From the entries below, return exactly the lines beginning at the one that contains "Nice Naughty An" and ending at the one that contains "DNF公益服发布网无托服？2025真实玩家筛选地图公开", both of them included, and only those lines.

━━ DATA PROVIDED ━━

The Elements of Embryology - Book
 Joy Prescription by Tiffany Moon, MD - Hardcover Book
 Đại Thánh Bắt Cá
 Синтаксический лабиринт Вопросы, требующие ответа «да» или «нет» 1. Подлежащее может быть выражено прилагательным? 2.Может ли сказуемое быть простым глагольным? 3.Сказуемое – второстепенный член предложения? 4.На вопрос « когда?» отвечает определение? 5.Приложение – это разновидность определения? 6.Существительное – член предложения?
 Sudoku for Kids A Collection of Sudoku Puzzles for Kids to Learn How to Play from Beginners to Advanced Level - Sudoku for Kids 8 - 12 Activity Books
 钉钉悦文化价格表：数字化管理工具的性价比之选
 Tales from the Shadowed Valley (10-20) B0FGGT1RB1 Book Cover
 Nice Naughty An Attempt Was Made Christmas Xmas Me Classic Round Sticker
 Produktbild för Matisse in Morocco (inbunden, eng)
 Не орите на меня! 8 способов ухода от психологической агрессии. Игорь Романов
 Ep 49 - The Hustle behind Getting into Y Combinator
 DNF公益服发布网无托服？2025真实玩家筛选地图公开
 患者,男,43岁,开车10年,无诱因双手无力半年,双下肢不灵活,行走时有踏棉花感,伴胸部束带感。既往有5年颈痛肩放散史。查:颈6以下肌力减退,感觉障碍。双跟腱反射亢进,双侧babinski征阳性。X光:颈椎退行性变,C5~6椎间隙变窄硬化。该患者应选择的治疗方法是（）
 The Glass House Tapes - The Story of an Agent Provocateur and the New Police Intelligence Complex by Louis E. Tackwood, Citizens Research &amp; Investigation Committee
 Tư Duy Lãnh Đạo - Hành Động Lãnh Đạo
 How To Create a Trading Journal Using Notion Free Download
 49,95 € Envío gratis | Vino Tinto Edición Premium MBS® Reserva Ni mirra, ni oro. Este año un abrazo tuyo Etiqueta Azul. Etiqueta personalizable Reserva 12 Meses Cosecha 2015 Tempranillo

━━━

RESPONSE TO THIS EXERCISE
 Nice Naughty An Attempt Was Made Christmas Xmas Me Classic Round Sticker
 Produktbild för Matisse in Morocco (inbunden, eng)
 Не орите на меня! 8 способов ухода от психологической агрессии. Игорь Романов
 Ep 49 - The Hustle behind Getting into Y Combinator
 DNF公益服发布网无托服？2025真实玩家筛选地图公开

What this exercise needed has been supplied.